Your task is to write out every line of the data exactly. Drop the pictures.

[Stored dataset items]
------------------------
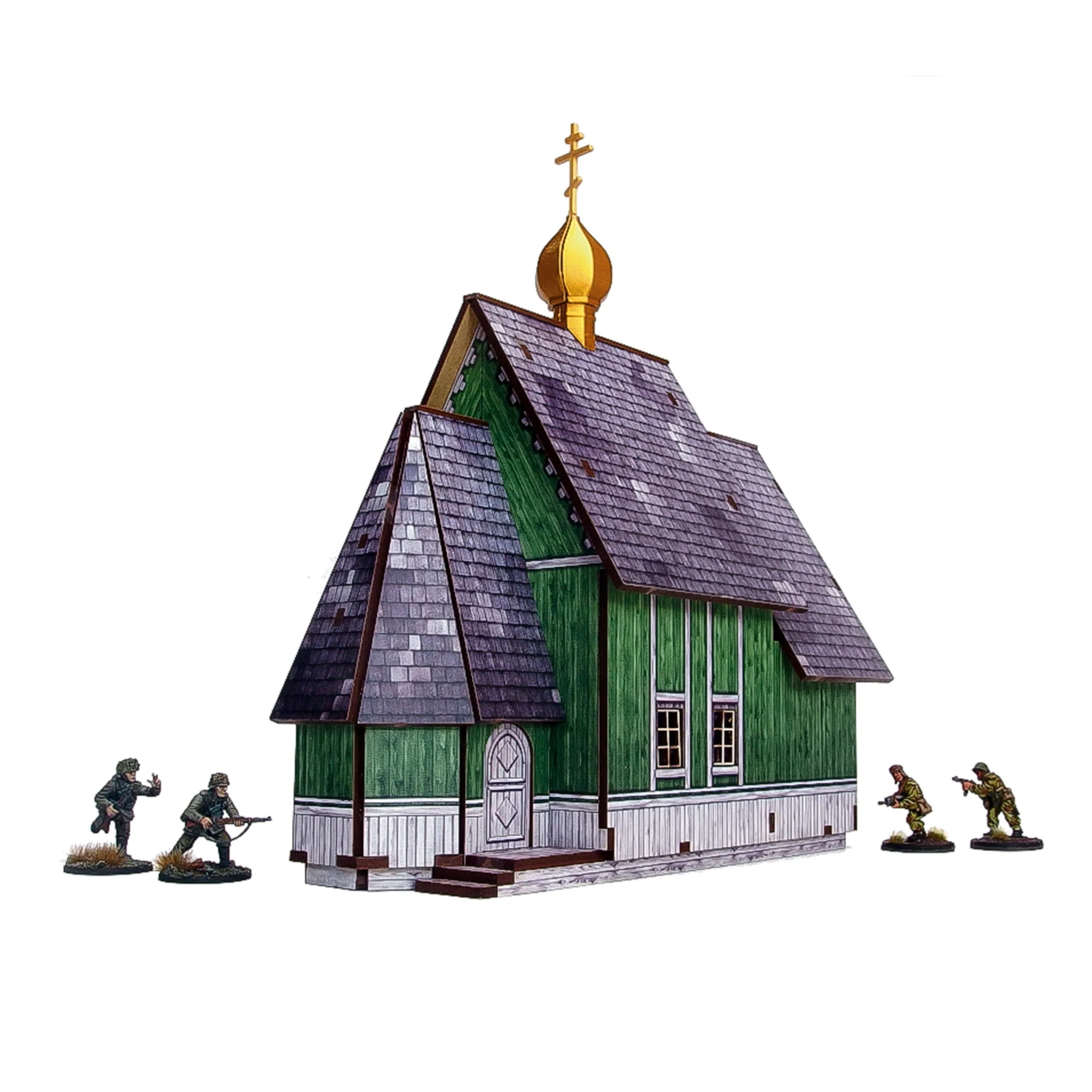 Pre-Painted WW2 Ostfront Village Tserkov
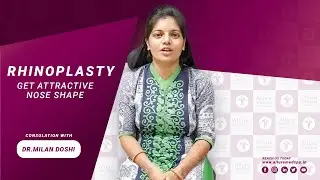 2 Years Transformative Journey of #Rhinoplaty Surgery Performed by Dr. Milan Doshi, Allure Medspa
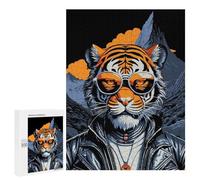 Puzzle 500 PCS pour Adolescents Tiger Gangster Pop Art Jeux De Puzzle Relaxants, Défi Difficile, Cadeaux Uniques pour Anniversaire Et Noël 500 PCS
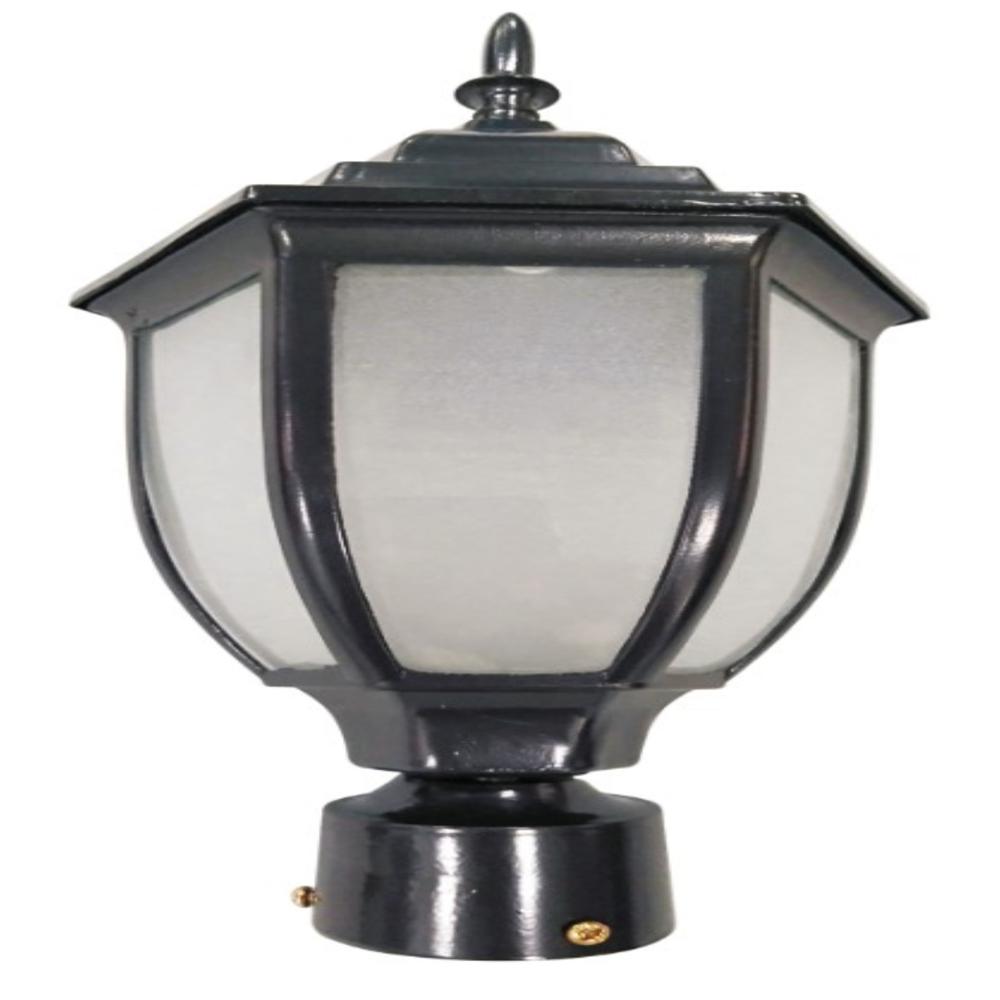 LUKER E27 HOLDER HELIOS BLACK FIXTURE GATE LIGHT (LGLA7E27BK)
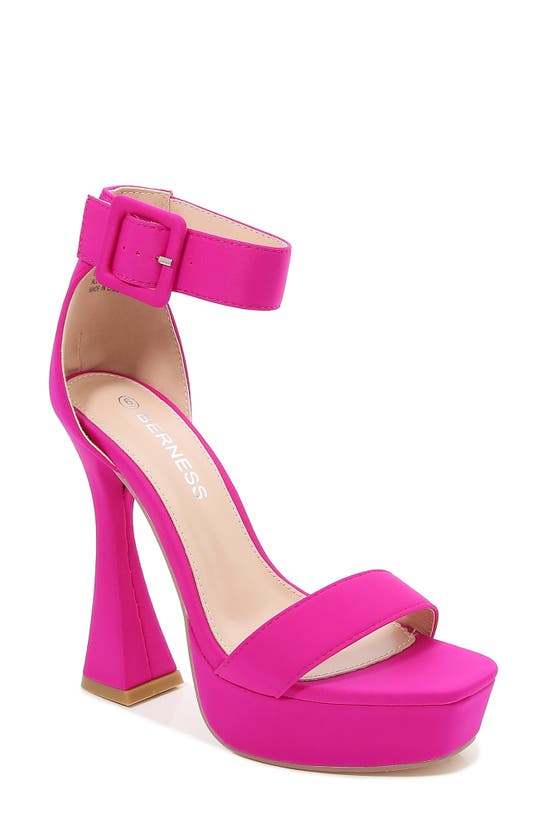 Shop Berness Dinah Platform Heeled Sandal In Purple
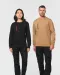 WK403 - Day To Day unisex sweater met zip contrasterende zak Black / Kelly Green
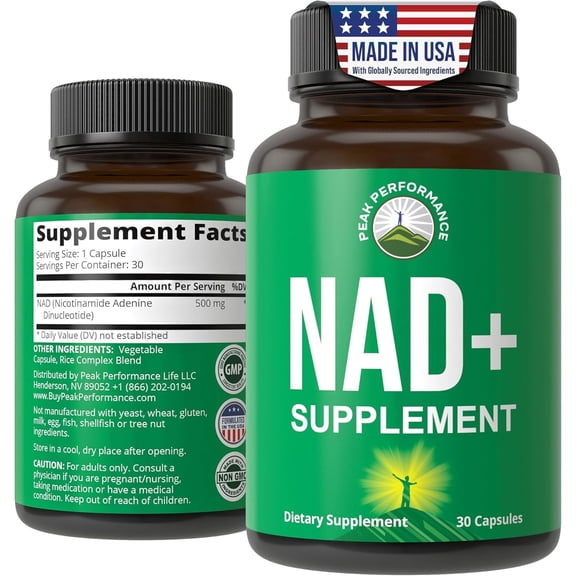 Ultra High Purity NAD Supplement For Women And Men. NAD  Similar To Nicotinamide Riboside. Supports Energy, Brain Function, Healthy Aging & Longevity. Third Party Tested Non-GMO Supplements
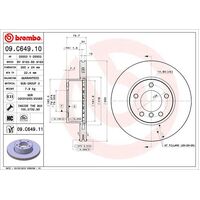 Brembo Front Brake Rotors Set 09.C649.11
------------------------
**SOLUTION TO THE PROBLEM:**
 Pre-Painted WW2 Ostfront Village Tserkov
 2 Years Transformative Journey of #Rhinoplaty Surgery Performed by Dr. Milan Doshi, Allure Medspa
 Puzzle 500 PCS pour Adolescents Tiger Gangster Pop Art Jeux De Puzzle Relaxants, Défi Difficile, Cadeaux Uniques pour Anniversaire Et Noël 500 PCS
 LUKER E27 HOLDER HELIOS BLACK FIXTURE GATE LIGHT (LGLA7E27BK)
 Shop Berness Dinah Platform Heeled Sandal In Purple
 WK403 - Day To Day unisex sweater met zip contrasterende zak Black / Kelly Green
 Ultra High Purity NAD Supplement For Women And Men. NAD  Similar To Nicotinamide Riboside. Supports Energy, Brain Function, Healthy Aging & Longevity. Third Party Tested Non-GMO Supplements
 Brembo Front Brake Rotors Set 09.C649.11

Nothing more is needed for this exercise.